Appendix

Configure XSP Authentication Service (with mTLS)

Complete the procedures in this Appendix to configure the Authentication Service on BroadWorks to use mTLS authentication. In instances where CI Token Validation (with TLS) is not supported, mTLS authentication is mandatory, including the following instances:

  • If you are running R21SP1

  • If you are running R22 or higher and have multiple Webex organizations running off the same XSP server


If you are running R22 or higher, and do not have multiple Webex organizations running off the same XSP server, CI Token Validation (with TLS) is recommended for the Auth Service.

Install Authentication Service

On BroadWorks 21SP1, the authentication service is an unmanaged application.

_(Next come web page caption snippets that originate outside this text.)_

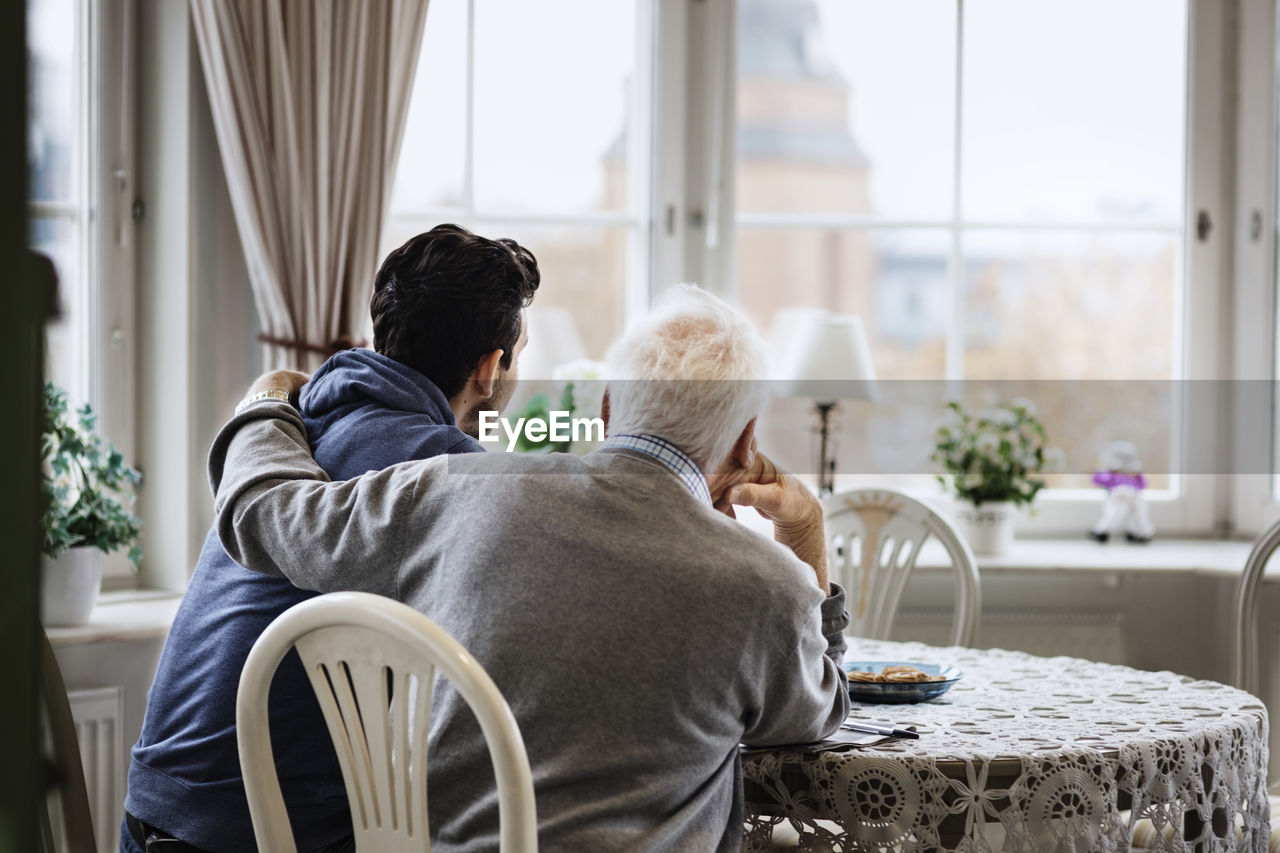Rear view of man sitting with arm around caretaker at nursing home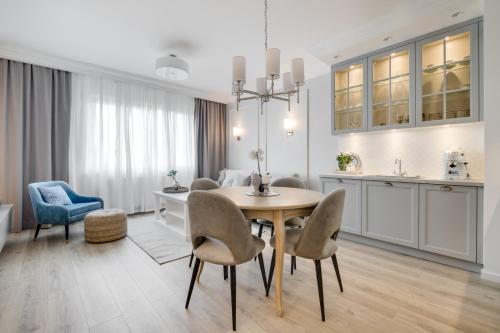a kitchen and dining room with a table and chairs at Apartamenty Tespis - Francuska Atal Park in Katowice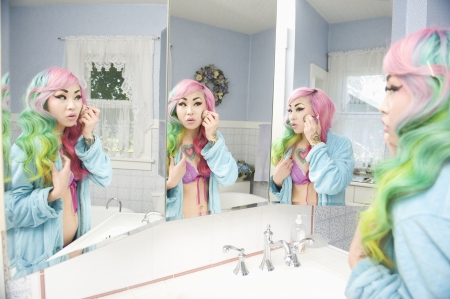Young woman applying makeup with multiple mirror reflectionsの写真素材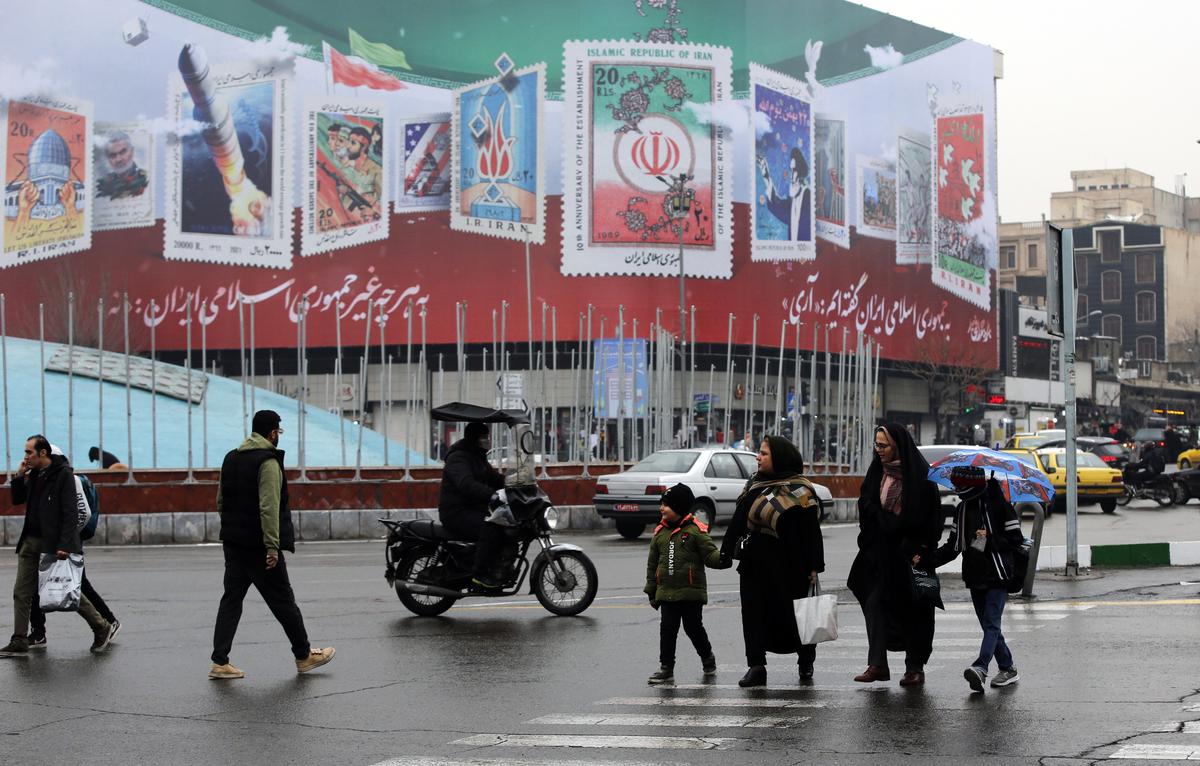 Иранцы проходят мимо рекламного щита с надписью: «Нет ничему, кроме Иранской Исламской Республики» и «Мы сказали «да» Иранской Исламской Республике» на площади Энгелаб (Революции) в центре Тегерана, Иран, 15 февраля 2023 года. Фото: EPA-EFE/ABEDIN TAHERKENAREH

Install it by completing the following steps:

  1. Download authenticationService_1.0.war (web application resource) file from Xchange (https://xchange.broadsoft.com/node/499012).

    On each XSP used with Webex, do the following:

  2. Copy the .war file to a temporary location on the XSP, such as /tmp/

  3. Install authentication service application with the following CLI context and command:

    XSP_CLI/Maintenance/ManagedObjects> install application /tmp/authenticationService_1.0.war

Configure Authentication Service

BroadWorks long-lived tokens are generated and validated by the authentication service hosted on your XSPs.

Requirements

  • The XSP servers hosting the Authentication Service must have an mTLS interface configured.

  • XSPs must share the same keys for encrypting/decrypting BroadWorks long lived tokens. Copying these keys to each XSP is a manual process.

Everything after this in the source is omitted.